Bug#99324: Default charset should be UTF-8
On 30-May-01, 22:25 (CDT), Cesar Eduardo Barros <firstname.lastname@example.org> wrote:
> > - Making sure everything works with UTF-8 charset
On Fri, Jun 01, 2001 at 01:38:32PM -0500, Steve Greenland wrote:
> Does this mean, for example, that cron and crontab would have to be
> recoded to support wide or multibyte characters?
"works with UTF-8" doesn't mean the same thing as "recoded to support
wide or multibyte characters".
For programs with no relevant text manipulation facilities (cron and
crontab), it's sufficient that UTF-8 is not mutilated. [UTF-8 is
designed, remember, to be represented in terms of 8 bit characters.]
[For example, the linux kernel currently defaults to UTF-8 -- which
means almost nothing in most contexts.]
> If so, I object to making this a requirement.
I also object to any "requirements" which break existing software.

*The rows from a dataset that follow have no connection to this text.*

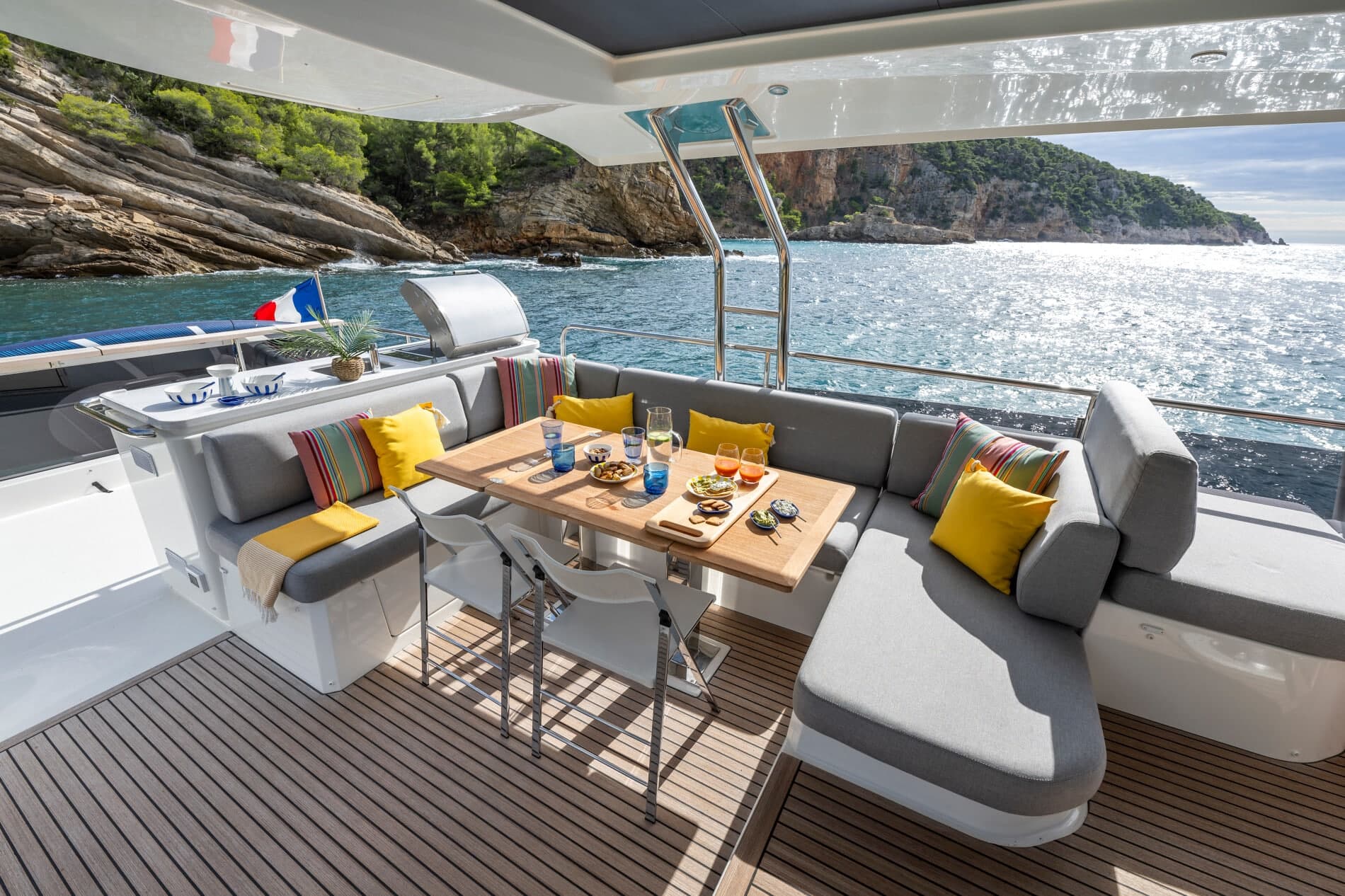 2026 Beneteau Swift Trawler 54 a la venta en Viladamat, ES Explorer Yachts 4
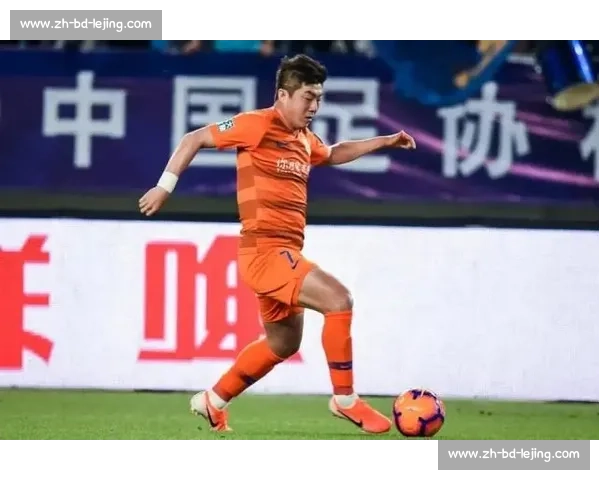 重庆国脚赛后饮酒风波：职业边界争议与舆论撕裂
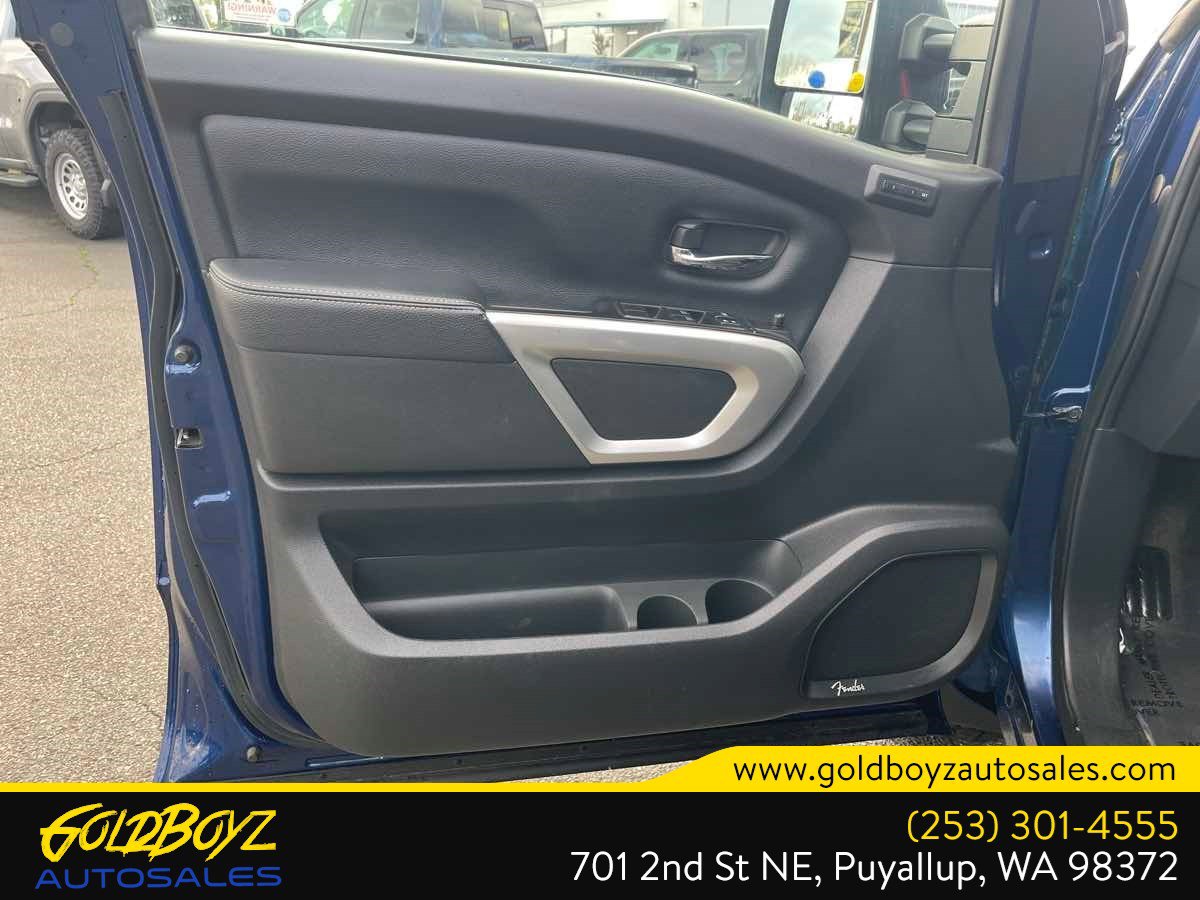 Used 2019 Nissan Titan PRO-4X AWD/4WD image 11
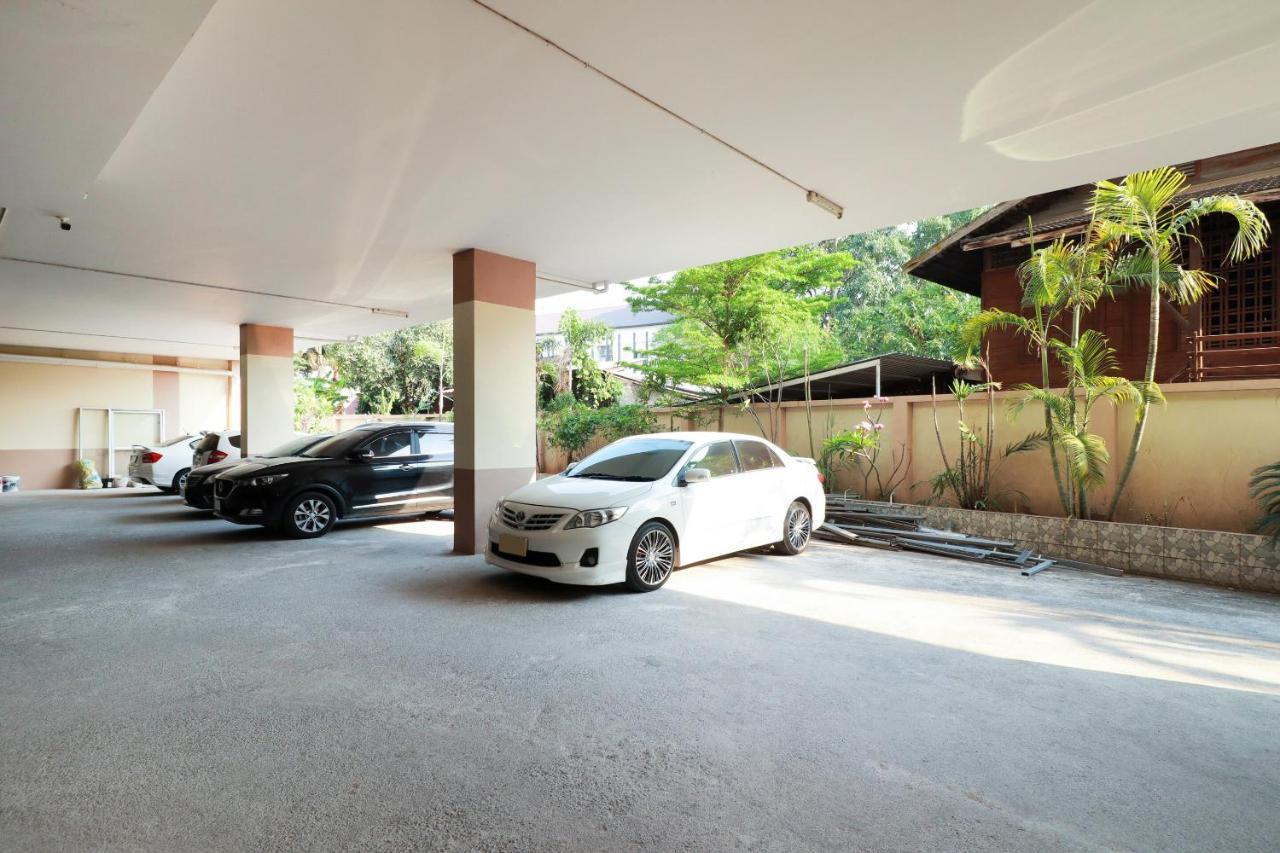 Oyo 794 Nice Mum Lodge Chiang Mai Exterior foto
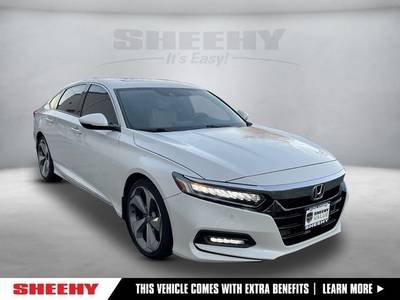 2018 Honda Accord Touring 1.5T FWD photo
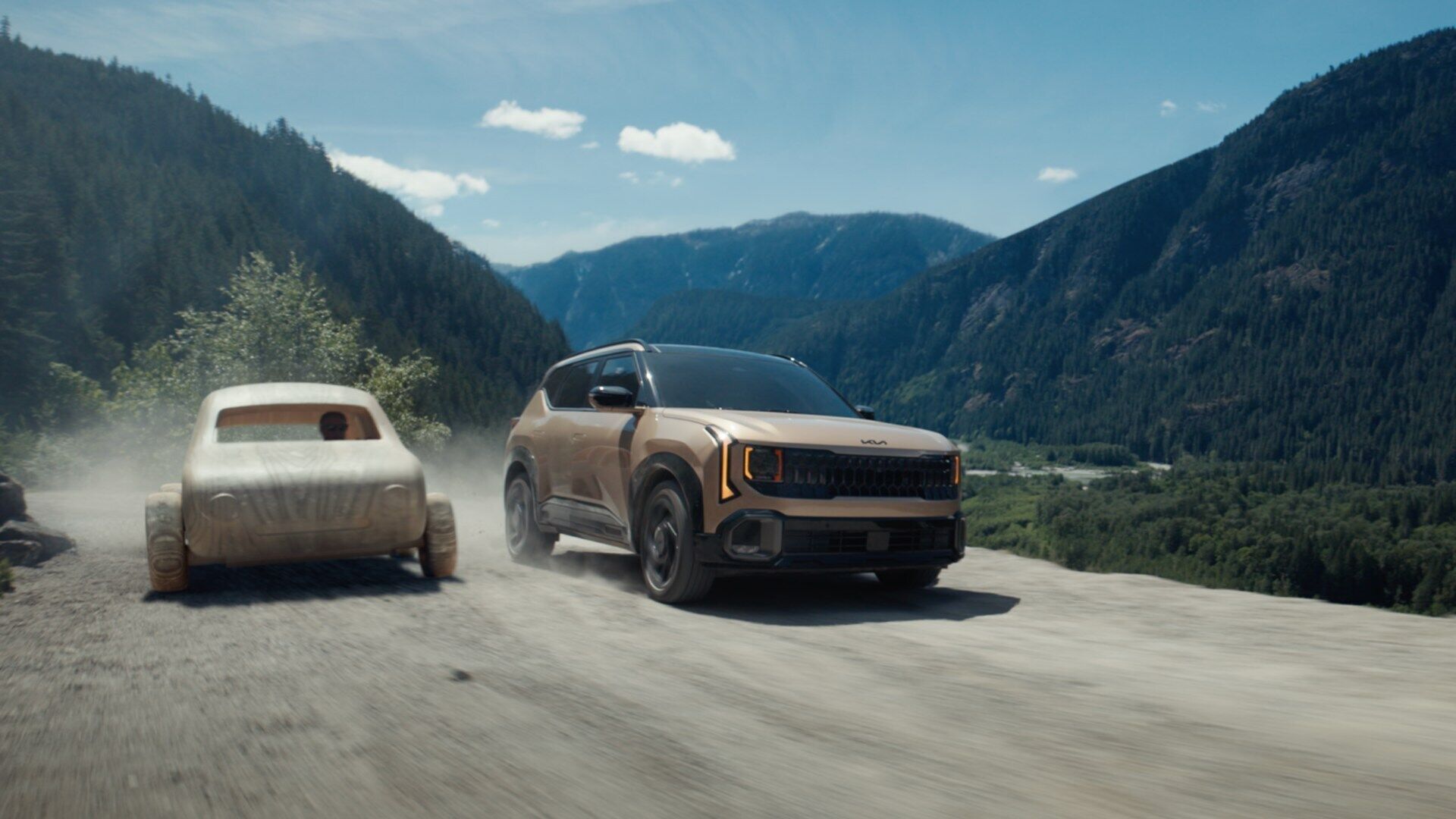 LA CREATIVA CAMPAÑA DEL NUEVO SUV KIA SELTOS DEL 2027 DEMUESTRA QUE LAS COSAS BUENAS SÍ VIENEN EN PAQUETES PEQUEÑOS. (PRNewsfoto/Kia America)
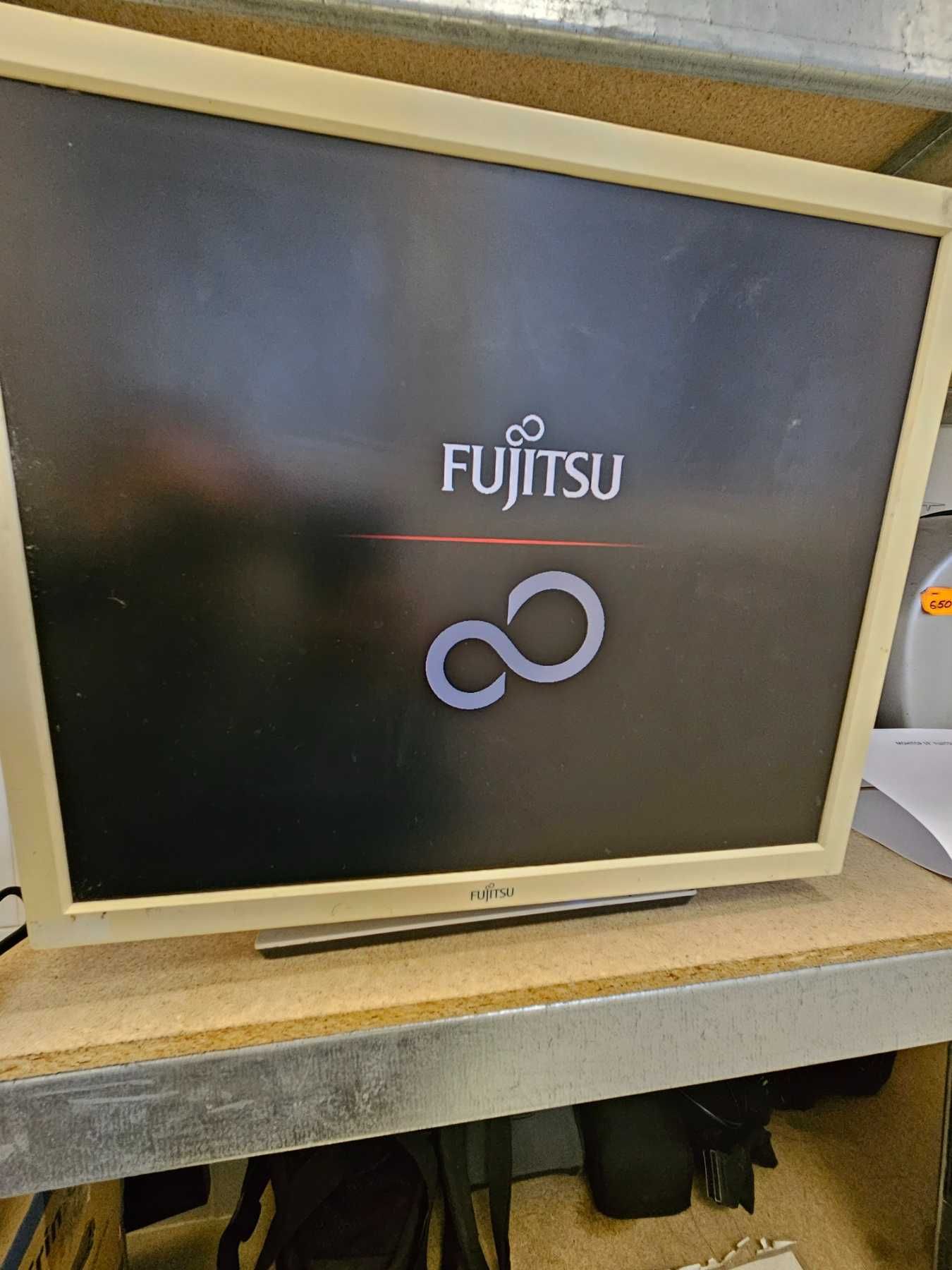 Монітор 19" Fujitsu P19-5P TN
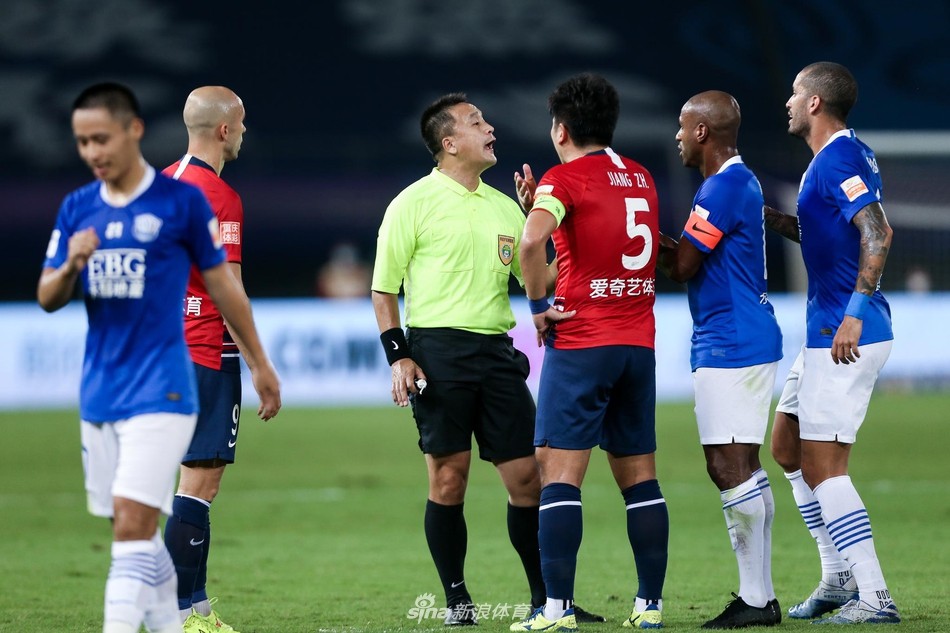 中超比赛第六轮主裁判和他消失的黄牌 31次犯规仅仅只有2张黄牌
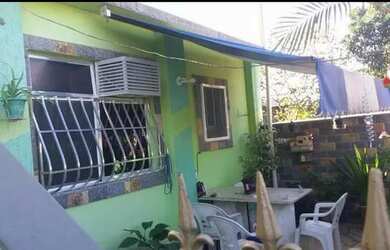 Imagem: A casa possui 1 Dormitório, 1 Banheiro, 1 Vaga na garagem e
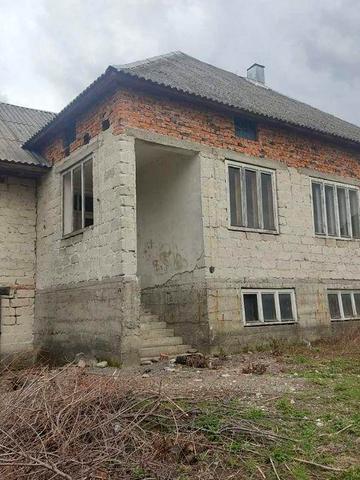 Продається будинок (Первинний ринок)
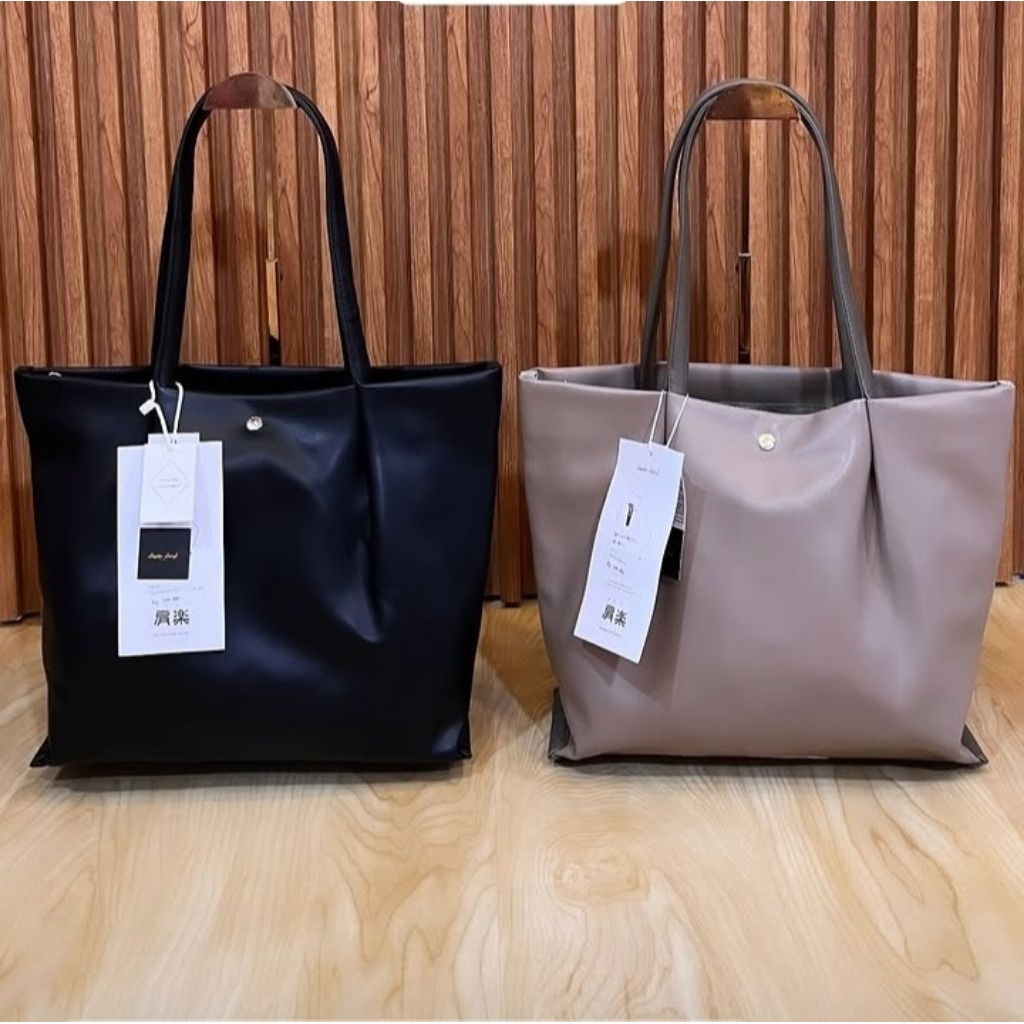 Totebag legato larg/Tas laptop legato larg/Tas kuliah legato larg/Totebag sekolah/totebag kuliah leg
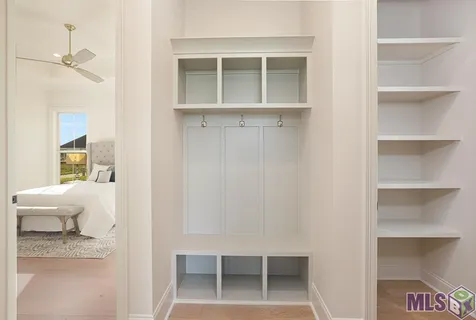 $459,900 | 5091 Stonewater Drive, Gonzales, LA 70737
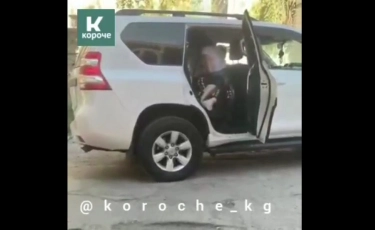 Два человека скончались от пневмонии перед зданием больницы в Бишкеке
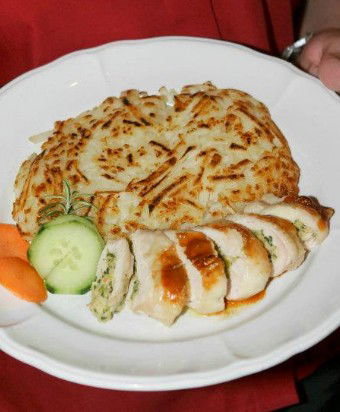 Des Alpes Swiss Restaurant - Tourism Caloundra 4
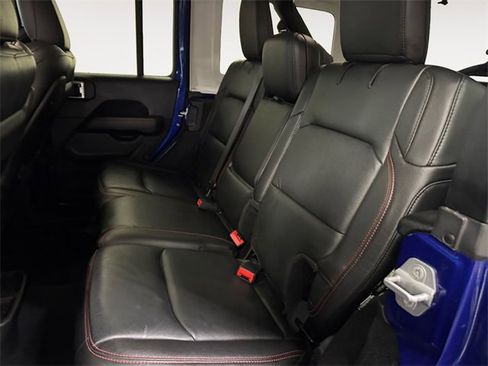 Used 2018 Jeep Wrangler Unlimited Rubicon image 6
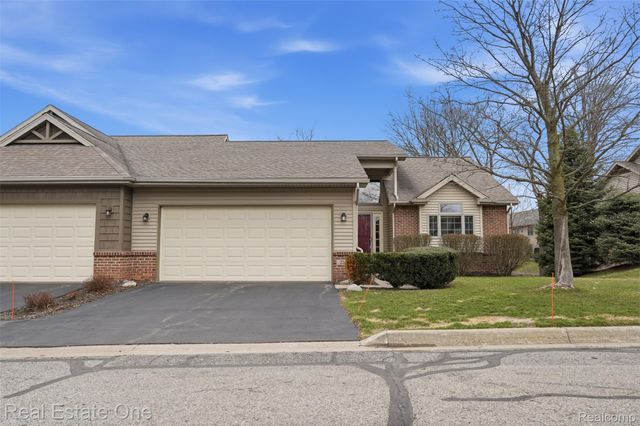 2264 Willow Tree Drive, Brighton, MI 48116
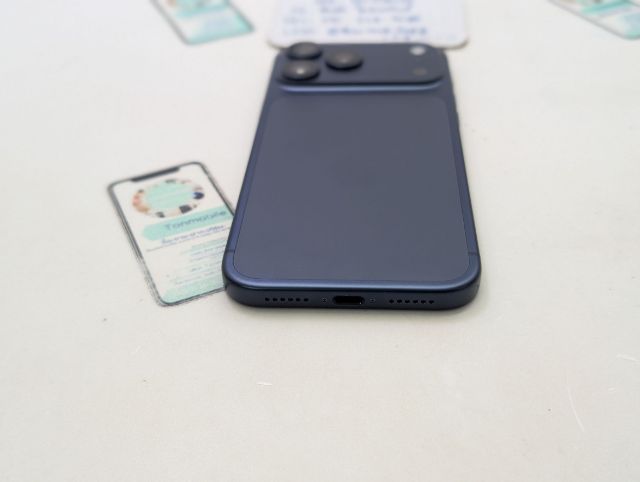 iPhone 17 Pro Max 256 Blue ศูนย์ไทย สภาพสวย อุปกรณ์ครบยกกล่อง ประกันเหลือ 3 เดือน สุขภาพแบต 100 เพียง 40,590 บาท ครับ  รูปที่ 8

I don't see that has much to do with what's being discussed here.
> I also wonder about the performance impact, and the size impact
> (although I understand that UTF-8 uses single byte for ascii equivalent,
> so that shouldn't be much, right?)
Correct. If someone puts UTF-8 into an error message or onto a command
line, that message or line will be different from what it was before.
That is all.
The trick isn't UTF-8. The trick is incompatible character sets (a
problem we already have with national language character sets).
The actual pain that will be experienced in making UTF-8 the default
character set would be experienced by those people who rely the current
default (which in some contexts is ISO-8859-1 while in other contexts
the character set is explicitly chosen so there really isn't a default
to worry about). Any other problem, we already have.